Conversations about climate change generally focus on human activity, suffering, and solutions. They often include or imply a critique of anthropocentrism, and yet our attention to the seemingly infinite variety of life forms on the planet remains extraordinarily limited and superficial. Earth is not only our home, and humans are not the only climate refugees.
In his recently published book Humankind, Tim Morton argues that we are severed from other forms of life through agriculture and industrialization. He calls it “The Severing,” a Game of Thrones style trope. One aspect of this split is a very passive relationship to animal and plant life. Unless we are directly involved with animals, in agriculture or wildlife management, for example, we simply don’t appreciate the activity, suffering, and creativity of non-human beings. We also tend to view animals as passive. Though animals must be actively adapting to climate change, we don’t generally observe or appreciate their adaptive behavior.
We have also lost our emotional connection to animals, in various ways. Contemporary animal ethics are typically founded on rational, legalistic arguments. Animals should be afforded consideration or rights because they are like us—intelligent, emotional, and self-conscious. But these arguments miss the most basic and common foundation of human ethical behavior. Love.
If reproduction is the key to species survival, and animals form emotional attachments as humans do, then various forms of love are likely a common characteristic of animal life. But is love only reserved for members of our own species? What does it mean that human children love non-human animals? When and why do children stop being fascinated by animals? It seems that society cultivates an interest in and love of animals in children, and then (for no apparent reason) expects adolescents and adults to stop loving and caring for them.
Why do pet-owners love their pets as if they were people? Is it because they engage with them—in person? Anyone who has had a pet has experienced getting to know the pet. We form personal relationships with them. They become part of the family. If we spent more time engaged with non-human animals could we cultivate or reclaim the capacity to love all animals?
We remember the principle “love they neighbor” but often forget the origin and end of this principle is to love the stranger, the “alien.” Surely non-human animals, however strange or alien, are also our neighbors.

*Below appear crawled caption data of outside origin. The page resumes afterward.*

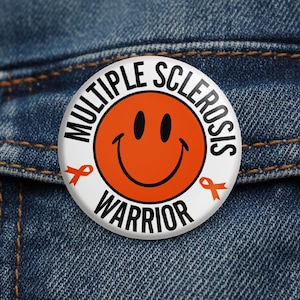 May include: A white button with the words "MULTIPLE SCLEROSIS WARRIOR" in black around the edge. An orange smiley face is in the center. Two orange ribbons are on either side of the smiley face.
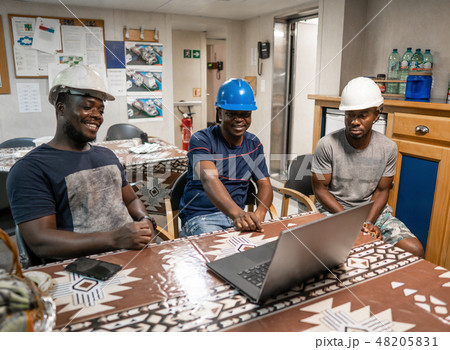 Seamen crew onboard a ship or vessel having fun watching movie Seamen crew onboard a ship or vessel having fun watching movie 48205831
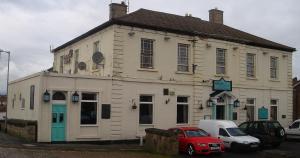 an old white building with cars parked in front of it at Midlands Hotel in Mansfield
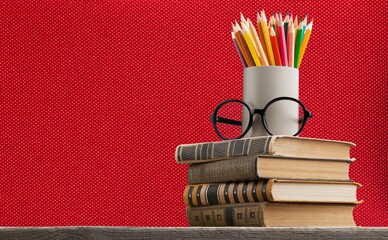 Stack of vintage books and colorful pencils on the desk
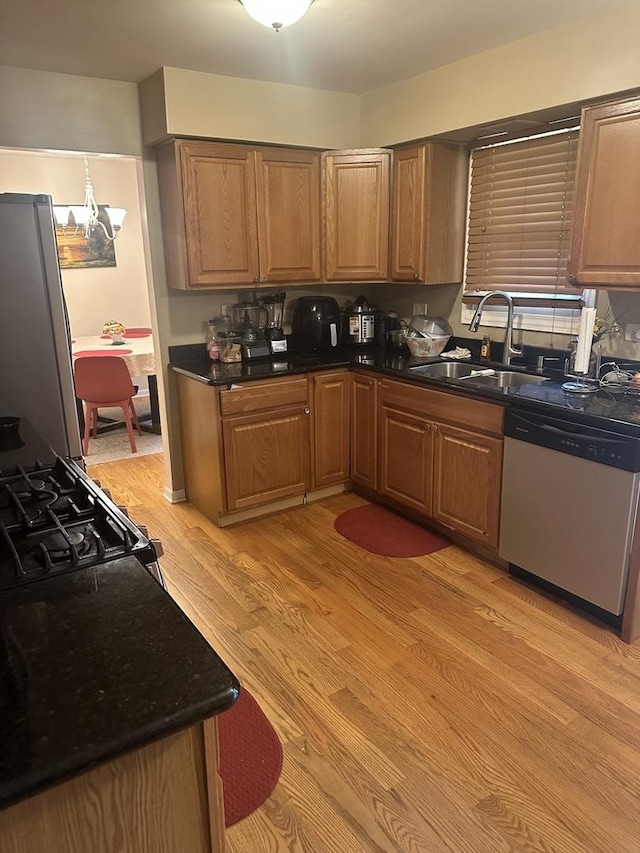 562 Willow Rd, Matteson, IL 60443 - kitchen featuring stainless steel appliances, light wood finished floors, and brown cabinetry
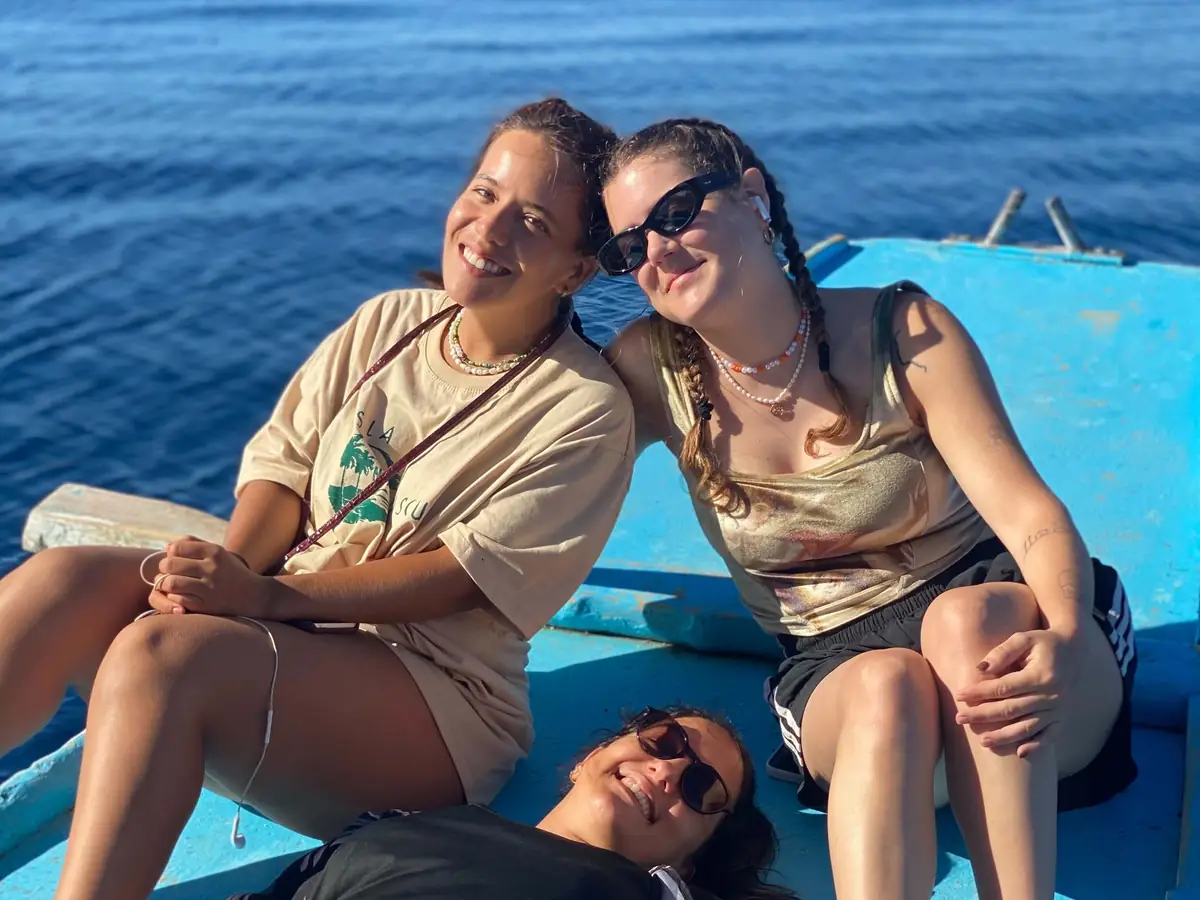 Three guests laughing together on the sunny bow of the bangka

Colleagues in academia and beyond have cautioned me, on more than one occasion, against appearing to prioritize animal welfare over human welfare. Focusing on animal rights in impoverished areas, for example, can be interpreted as a challenge to human dignity. Recognizing animals a climate refugees is out of line (out of order), in the midst of multiple and ongoing human refugee crises. This advice is pragmatic and rhetorically savvy, but is it ethically defensible?
A Guardian article recently posted on Environmental Critique gives a moving account of a refugee, Mansour Shoushtari, who occupies himself caring for animals while detained in Manus prison. (He has been waiting four years to be resettled.) While being treated as a less than human stranger, he has retained his humanity, or should I say his sense of solidarity with other animals. Here is an illustrative quote from the Guardian interview:
I asked him: “Do you love animals more than humans?” He smiled once again. He responded in a humorous way: “You’re asking some really tough questions today! The question you ask is similar to asking the question: do you love your father more than your mother? It’s an extremely tough question to answer. I love human beings and I also love animals. But I have a special affection for birds.”

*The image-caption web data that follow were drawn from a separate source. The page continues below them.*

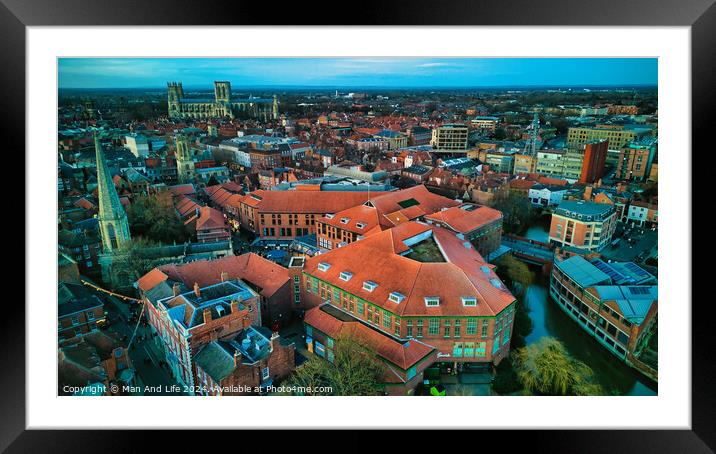 Aerial view of a historic city at dusk with prominent buildings and a clear sky in York, North Yorkshire Framed Mounted Print by Man And Life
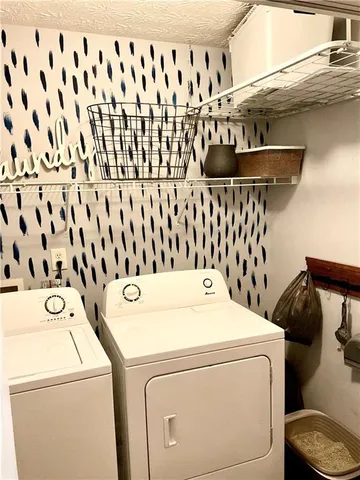 a bedroom with bed and a window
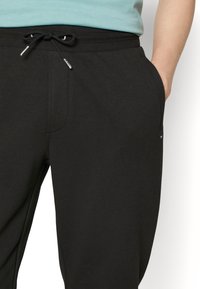 Svarta sweatpants i mjukt material, med elastisk midja och dragsko samt sidofickor.
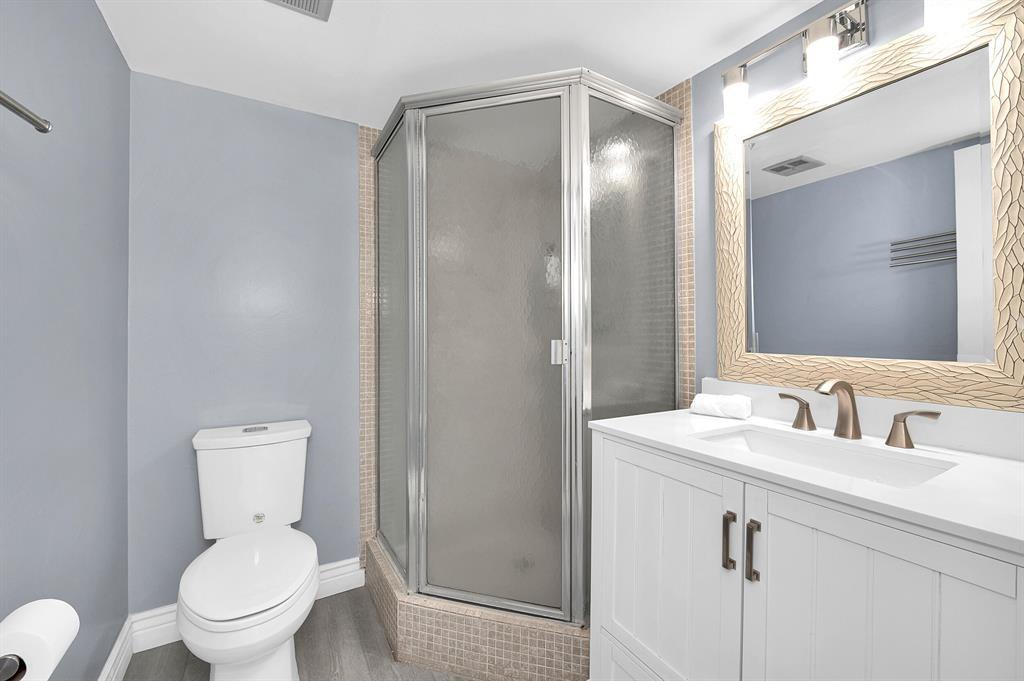 9355 Southwest 8th Street, Unit 401 Boca Raton, FL 33428 - Photo 35 of 37 a bathroom with a toilet sink and mirror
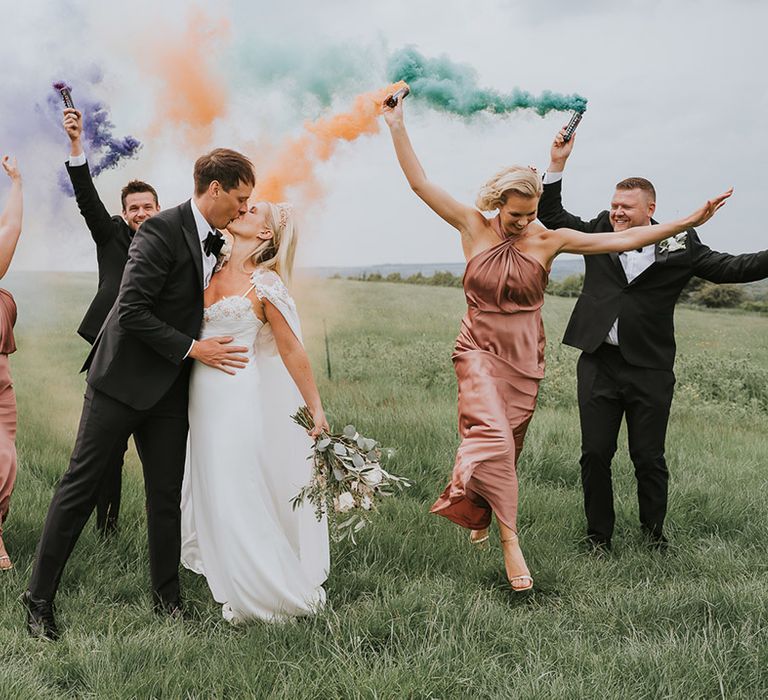 Bride and groom kiss as the bridesmaids and groomsmen wave colourful smoke bombs 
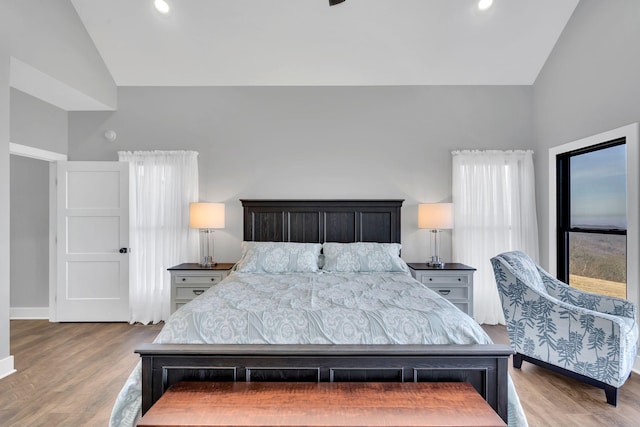 bedroom featuring lofted ceiling and light wood-type flooring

Why should human suffering tacitly give us permission to abuse animals or to shut down conversations about animal welfare? Who among us, well-fed and literate, deserves consideration if sympathy can only be afforded the most downtrodden humans? Can suffering justify suffering? Returning to the subject of love, is there ever a reason not to extend love and compassion to another living creature?
“The Severing” also results in a dark underworld of violence against non-human animals. Factory farming, habitat destruction, and mass murders that are never reported in the evening news. Is there any relationship between human violence against animals, and a general culture of violence? Again Shoushtari offers insight: “It’s love. In my opinion one does not need to give reasons for love. Love is a personal matter, love is an existential state. But in my view if a human being does not love animals they are incapable of loving human beings.” Human beings do love selectively, of course, as do cultures. Sadly, we are not only taught but also encouraged to love selectively, and even to hate.
Love thy neighbor. Love the stranger. Love all living creatures. These are certainly not pragmatic solutions or policy guidelines. But neither pragmatism nor policy should prevent us from questioning and exploring ethical, dare I say moral, principles.
So I do say, impudently, non-human animals are climate refugees, as are plants, and future generations of every kind. And we have no right to destroy their home.